TASK OBJECTIVE:
Using the listing below, set down exactly the lines starting at the line that contains "Jeep Wrangler (JL)" and ending at the line that contains "Lily Juliet Pale", both included, and no others.

*-*-*

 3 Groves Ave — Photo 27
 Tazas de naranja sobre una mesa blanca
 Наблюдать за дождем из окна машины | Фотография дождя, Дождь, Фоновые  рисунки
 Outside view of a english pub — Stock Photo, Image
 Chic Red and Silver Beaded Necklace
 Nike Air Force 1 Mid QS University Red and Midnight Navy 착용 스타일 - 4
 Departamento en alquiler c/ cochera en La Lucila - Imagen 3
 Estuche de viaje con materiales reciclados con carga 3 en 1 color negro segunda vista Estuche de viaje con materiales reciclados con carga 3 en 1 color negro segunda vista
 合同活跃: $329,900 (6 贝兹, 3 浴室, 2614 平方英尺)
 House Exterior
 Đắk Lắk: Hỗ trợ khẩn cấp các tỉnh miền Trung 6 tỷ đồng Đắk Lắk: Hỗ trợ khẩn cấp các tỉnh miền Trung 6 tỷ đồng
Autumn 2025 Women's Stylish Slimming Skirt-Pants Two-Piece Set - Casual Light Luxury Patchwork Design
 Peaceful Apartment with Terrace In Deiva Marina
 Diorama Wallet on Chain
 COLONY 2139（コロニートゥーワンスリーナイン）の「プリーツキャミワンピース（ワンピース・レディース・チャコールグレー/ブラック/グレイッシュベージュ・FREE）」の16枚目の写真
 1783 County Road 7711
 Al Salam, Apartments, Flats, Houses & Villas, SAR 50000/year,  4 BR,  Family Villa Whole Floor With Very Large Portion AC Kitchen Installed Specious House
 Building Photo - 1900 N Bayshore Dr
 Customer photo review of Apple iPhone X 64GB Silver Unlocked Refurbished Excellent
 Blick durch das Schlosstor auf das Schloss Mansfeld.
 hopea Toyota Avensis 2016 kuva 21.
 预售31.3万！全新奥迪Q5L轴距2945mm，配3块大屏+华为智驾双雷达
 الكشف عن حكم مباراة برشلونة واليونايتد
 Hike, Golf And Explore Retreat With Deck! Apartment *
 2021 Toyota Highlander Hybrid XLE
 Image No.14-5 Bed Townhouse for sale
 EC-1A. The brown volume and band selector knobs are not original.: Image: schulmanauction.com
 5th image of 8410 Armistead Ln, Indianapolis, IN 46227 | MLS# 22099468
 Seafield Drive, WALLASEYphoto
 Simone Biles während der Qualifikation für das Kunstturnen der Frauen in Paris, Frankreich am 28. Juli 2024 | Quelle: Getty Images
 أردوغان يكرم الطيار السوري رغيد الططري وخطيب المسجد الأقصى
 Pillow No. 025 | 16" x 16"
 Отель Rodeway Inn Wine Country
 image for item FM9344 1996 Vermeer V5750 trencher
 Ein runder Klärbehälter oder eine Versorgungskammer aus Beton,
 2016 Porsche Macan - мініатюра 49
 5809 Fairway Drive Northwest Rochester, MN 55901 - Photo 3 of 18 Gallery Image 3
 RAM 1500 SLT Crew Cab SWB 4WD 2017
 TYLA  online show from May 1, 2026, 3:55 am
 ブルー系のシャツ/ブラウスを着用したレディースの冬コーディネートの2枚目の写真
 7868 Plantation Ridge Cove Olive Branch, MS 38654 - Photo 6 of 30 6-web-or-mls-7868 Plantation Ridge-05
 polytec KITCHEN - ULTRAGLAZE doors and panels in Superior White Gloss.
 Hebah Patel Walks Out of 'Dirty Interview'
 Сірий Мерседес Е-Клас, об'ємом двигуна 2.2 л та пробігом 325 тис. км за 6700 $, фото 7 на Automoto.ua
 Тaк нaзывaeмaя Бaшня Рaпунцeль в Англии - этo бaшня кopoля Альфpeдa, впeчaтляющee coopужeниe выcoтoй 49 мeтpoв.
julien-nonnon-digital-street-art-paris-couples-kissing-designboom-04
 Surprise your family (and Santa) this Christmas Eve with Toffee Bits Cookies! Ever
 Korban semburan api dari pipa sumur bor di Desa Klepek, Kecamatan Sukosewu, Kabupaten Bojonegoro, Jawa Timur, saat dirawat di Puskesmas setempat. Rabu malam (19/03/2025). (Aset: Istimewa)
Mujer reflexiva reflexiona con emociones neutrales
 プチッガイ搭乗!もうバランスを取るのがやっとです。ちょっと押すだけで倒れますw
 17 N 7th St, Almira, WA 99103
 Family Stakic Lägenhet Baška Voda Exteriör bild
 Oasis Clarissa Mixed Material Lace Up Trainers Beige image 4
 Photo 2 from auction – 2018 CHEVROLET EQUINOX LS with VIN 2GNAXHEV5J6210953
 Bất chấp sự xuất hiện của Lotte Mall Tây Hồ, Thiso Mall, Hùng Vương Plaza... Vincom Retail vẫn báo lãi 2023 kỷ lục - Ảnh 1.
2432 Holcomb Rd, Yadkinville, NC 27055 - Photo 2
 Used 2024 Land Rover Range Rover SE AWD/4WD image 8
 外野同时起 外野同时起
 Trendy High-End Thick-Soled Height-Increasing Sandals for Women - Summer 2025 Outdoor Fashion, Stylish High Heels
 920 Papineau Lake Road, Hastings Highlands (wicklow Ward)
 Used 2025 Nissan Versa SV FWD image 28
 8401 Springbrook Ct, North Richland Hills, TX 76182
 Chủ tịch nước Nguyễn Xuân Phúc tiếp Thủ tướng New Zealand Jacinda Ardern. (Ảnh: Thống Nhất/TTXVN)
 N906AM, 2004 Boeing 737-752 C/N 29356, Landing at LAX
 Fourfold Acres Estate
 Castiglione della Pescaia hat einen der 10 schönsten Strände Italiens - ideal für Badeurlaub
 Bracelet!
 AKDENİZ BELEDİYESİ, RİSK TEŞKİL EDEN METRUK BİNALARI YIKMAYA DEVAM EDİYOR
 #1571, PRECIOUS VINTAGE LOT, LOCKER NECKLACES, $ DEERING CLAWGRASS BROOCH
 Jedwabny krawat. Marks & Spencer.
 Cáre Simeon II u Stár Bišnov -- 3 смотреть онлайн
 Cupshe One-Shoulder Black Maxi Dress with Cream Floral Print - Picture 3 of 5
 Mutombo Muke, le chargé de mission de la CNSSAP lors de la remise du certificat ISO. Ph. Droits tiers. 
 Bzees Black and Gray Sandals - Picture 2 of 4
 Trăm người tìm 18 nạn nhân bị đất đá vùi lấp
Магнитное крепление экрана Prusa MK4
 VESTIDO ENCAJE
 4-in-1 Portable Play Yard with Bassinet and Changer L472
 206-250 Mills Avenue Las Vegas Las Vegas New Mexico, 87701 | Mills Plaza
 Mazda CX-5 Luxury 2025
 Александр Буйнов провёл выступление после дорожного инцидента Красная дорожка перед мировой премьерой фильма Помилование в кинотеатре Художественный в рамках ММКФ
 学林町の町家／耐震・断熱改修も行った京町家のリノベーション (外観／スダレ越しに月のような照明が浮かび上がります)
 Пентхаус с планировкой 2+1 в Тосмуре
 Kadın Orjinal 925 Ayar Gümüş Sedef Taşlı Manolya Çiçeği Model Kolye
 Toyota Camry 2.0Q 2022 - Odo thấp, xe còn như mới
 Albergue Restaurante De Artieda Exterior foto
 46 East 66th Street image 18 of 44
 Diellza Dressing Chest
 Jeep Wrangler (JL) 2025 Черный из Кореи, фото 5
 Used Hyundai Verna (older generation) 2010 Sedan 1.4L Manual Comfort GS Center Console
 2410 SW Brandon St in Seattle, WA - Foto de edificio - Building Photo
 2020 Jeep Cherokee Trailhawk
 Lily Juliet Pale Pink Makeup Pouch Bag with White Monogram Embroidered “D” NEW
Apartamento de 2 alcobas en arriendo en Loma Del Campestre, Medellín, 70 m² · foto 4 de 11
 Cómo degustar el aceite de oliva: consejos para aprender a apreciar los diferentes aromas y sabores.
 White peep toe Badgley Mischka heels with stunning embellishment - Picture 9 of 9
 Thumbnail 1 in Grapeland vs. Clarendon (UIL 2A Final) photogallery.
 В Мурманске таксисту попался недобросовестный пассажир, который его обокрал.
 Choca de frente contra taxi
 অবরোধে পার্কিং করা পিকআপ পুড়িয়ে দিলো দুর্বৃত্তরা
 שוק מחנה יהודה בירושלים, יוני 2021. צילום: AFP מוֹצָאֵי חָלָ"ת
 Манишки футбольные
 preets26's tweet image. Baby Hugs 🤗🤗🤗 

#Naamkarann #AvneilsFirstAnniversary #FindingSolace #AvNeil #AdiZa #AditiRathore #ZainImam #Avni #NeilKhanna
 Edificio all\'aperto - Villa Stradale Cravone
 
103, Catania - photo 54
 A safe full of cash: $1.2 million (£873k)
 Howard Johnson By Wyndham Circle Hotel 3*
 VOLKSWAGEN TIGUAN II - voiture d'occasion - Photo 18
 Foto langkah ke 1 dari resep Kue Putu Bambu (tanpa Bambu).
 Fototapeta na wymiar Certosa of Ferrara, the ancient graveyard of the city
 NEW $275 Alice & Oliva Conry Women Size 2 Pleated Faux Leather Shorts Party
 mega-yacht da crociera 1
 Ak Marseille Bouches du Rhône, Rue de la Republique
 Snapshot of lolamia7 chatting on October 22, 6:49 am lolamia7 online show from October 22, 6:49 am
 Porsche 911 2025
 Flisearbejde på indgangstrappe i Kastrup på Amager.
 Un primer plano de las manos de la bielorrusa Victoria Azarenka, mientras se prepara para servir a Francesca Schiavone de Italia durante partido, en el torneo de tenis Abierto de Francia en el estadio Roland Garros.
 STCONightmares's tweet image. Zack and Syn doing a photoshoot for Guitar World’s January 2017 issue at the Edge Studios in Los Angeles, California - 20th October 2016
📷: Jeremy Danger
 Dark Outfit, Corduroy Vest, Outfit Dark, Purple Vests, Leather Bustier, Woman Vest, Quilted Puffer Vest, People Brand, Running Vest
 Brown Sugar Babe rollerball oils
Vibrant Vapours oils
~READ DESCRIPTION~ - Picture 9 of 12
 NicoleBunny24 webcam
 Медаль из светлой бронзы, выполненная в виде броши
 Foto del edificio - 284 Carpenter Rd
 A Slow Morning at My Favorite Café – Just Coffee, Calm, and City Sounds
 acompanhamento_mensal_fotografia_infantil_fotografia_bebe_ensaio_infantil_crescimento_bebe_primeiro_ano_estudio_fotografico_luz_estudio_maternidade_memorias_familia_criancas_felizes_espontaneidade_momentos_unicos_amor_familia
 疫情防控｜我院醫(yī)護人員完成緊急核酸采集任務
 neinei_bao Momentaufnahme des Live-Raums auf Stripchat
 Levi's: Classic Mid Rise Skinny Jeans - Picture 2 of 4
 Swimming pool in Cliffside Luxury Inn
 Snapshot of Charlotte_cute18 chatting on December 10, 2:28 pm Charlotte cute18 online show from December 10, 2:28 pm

*-*-*

COMPLETED TASK:
 Jeep Wrangler (JL) 2025 Черный из Кореи, фото 5
 Used Hyundai Verna (older generation) 2010 Sedan 1.4L Manual Comfort GS Center Console
 2410 SW Brandon St in Seattle, WA - Foto de edificio - Building Photo
 2020 Jeep Cherokee Trailhawk
 Lily Juliet Pale Pink Makeup Pouch Bag with White Monogram Embroidered “D” NEW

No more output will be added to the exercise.